When we first began looking at the language poets and their examination of what, precisely, language is and does, I was a little bit skeptical of the work we were reading. I understand the concept that language is highly limited, and I actually love that idea, but I couldn’t quite let go of the fact that language can still be so very beautiful, something that a lot of experimental poets or poems don’t seem to be concerned with.
However, reading Jorie Graham’s work was quite another experience. I particularly enjoyed her poem “The Swarm,” which experiments with the idea of words as referents for objects and language and sound as being unable to convey or accomplish certain things.
One of the first things I noticed as I read the poem is the presence of the word “listen” in the first line, and the word “hear” in the last. I think these words frame the poem quite well – not only is the person to whom the speaker is speaking supposed to listen for the church bells, but we are to listen to the poem. I also like that “listen,” a request, comes first, and “hear,” the action, later, as if the speaker’s request to listen to the church bells mirrors Graham’s “request” to listen to her poem.

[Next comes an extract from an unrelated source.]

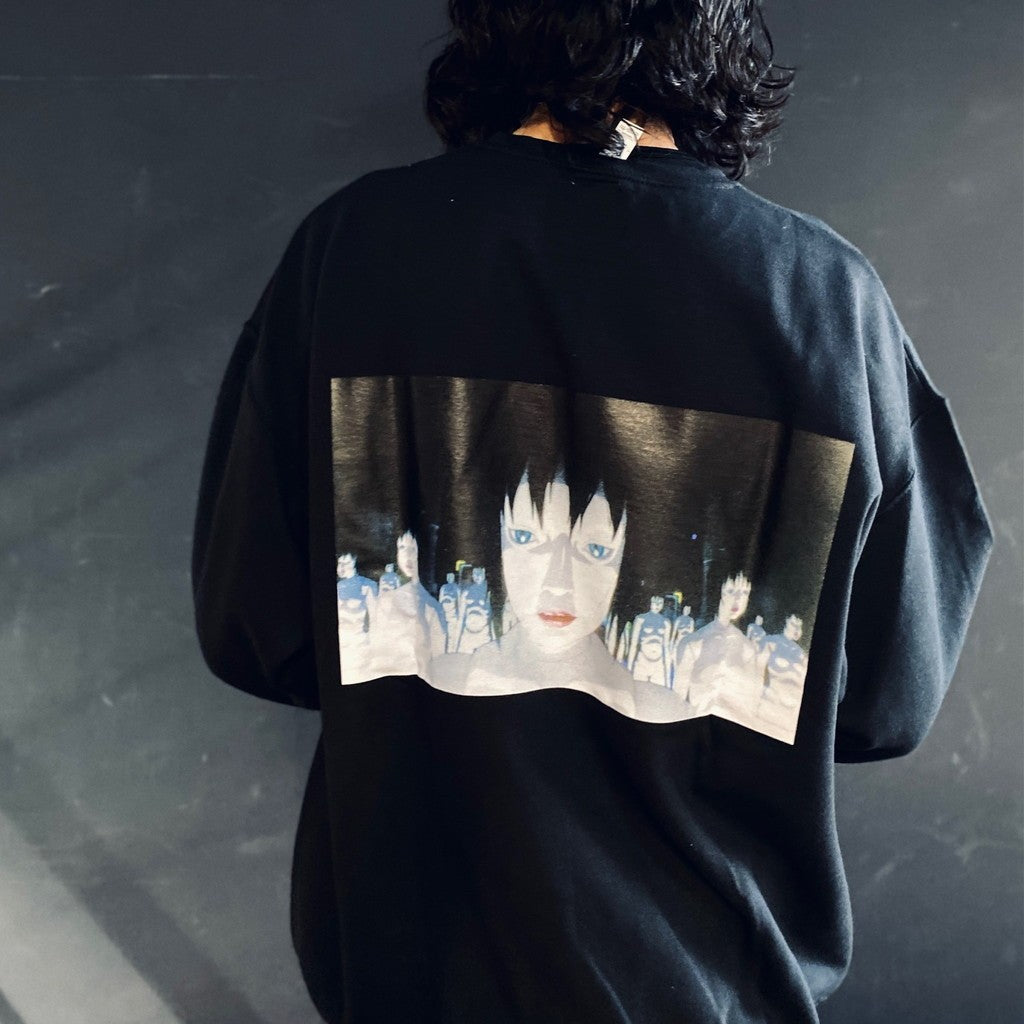 攻殼機動隊2：無罪 | 攻殼機動隊 | 圓領衛衣 - 款式2 - #黑色 [INNOCENCE-WM-SS02]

Another conspicuous move Graham makes is the omission of the sounds of the church bells in the fifth stanza. Rather than attempting to capture the sound of the ringing in letters, she simply leaves a blank where the word or sound would go. She does reference each chime of the bell as a petal falling, however, which interestingly has no sound at all. In that same stanza Graham uses the word “yes” six times, the first in parentheses, the next following “like a vertebrate,” and the last four making up their own line with nothing else, including punctuation. These “yesses,” which seem to be the affirmation of the voice on the telephone that they can hear the bells, actually seem to be the closest Graham gives us to the sound of the bells themselves. It’s interesting that we don’t even know whether or not the person has heard the bells – in fact, we never hear from the person directly – and yet their affirmation, or at least what the speaker hopes to hear from them, is the closest we can get to hearing their sound. The form of the last line, “yes yes yes yes,” is written like an echo as a bell would be, but clearly the sound itself isn’t captured.

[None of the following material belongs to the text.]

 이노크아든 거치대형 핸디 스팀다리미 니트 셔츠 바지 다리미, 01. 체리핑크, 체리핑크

In the stanzas to follow, the most noticeable repetition is of the word “blue.” It is used six times before the end of the poem, often in ways that don’t make a lot of logistical sense, for instance, in “something announces itself/ like a piece of the whole blueness broken off and thrown down…” However, the reader can’t help but hear the sound of the word over and over (six times in twelve lines, two of those lines containing the word twice). I think this goes back to Graham’s instruction to “listen” and her question at the end of whether or not we “hear” – like the echo of “yes” as the speaker tries to get her or his companion to hear the bells in order to feel together, we are given the repetition of “blue” not so much for the word itself as for the echo and connection it brings.
The last thing I wanted to point out is just something I loved about Graham’s language – in the eighth line from the end of the poem, the speaker refers to the telephone as “the plastic parenthetical opening wherein I have you.” I love that description that so carefully balances the idea of plastic, something hard and impersonal, with a “parenthetical opening,” which for me creates the image of a curve (presumably the mouthpiece) mimicking one half of a parentheses – one half on each side of the ocean, with a relationship filling the space between even though physical proximity isn’t possible. It’s a beautiful idea.
I’d be interested to see what other people thought about Graham’s experiments with language – is her balance between words as beautiful and flawed believable? Do her omissions and echoes work? Is her work an experiment in the first place?